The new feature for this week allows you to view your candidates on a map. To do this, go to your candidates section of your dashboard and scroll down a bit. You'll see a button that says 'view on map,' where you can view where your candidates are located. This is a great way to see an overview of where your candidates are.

---

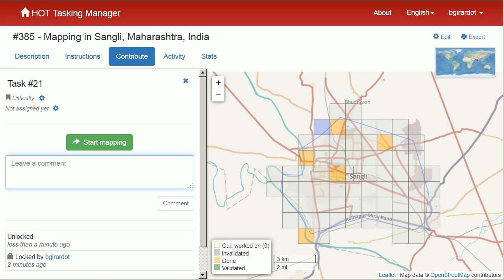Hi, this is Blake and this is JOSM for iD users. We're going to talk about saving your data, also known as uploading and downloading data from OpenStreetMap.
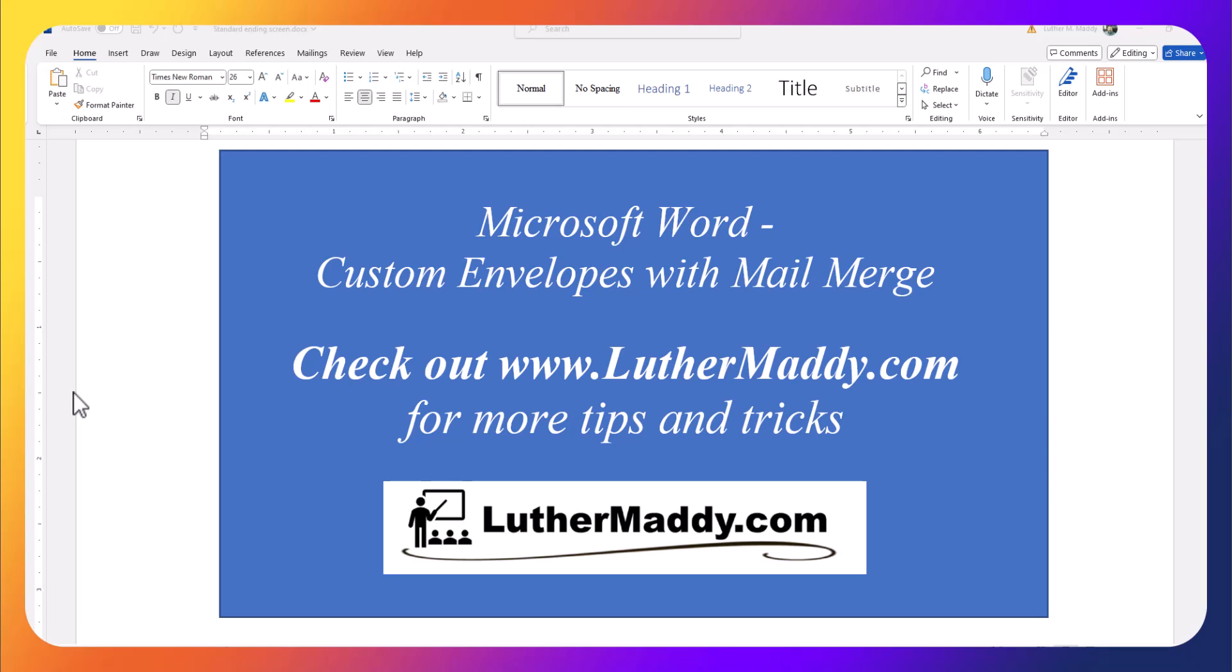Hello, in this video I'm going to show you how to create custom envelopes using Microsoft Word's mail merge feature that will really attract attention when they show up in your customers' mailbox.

• [ASSIGNMENT]:
With the pictures removed from your copy, retype the lines above from the one that contains "Hi, this is" through the one that contains "Hello, in this", exactly.

• [RESULT FOR THIS EXERCISE]:
Hi, this is Blake and this is JOSM for iD users. We're going to talk about saving your data, also known as uploading and downloading data from OpenStreetMap.
Hello, in this video I'm going to show you how to create custom envelopes using Microsoft Word's mail merge feature that will really attract attention when they show up in your customers' mailbox.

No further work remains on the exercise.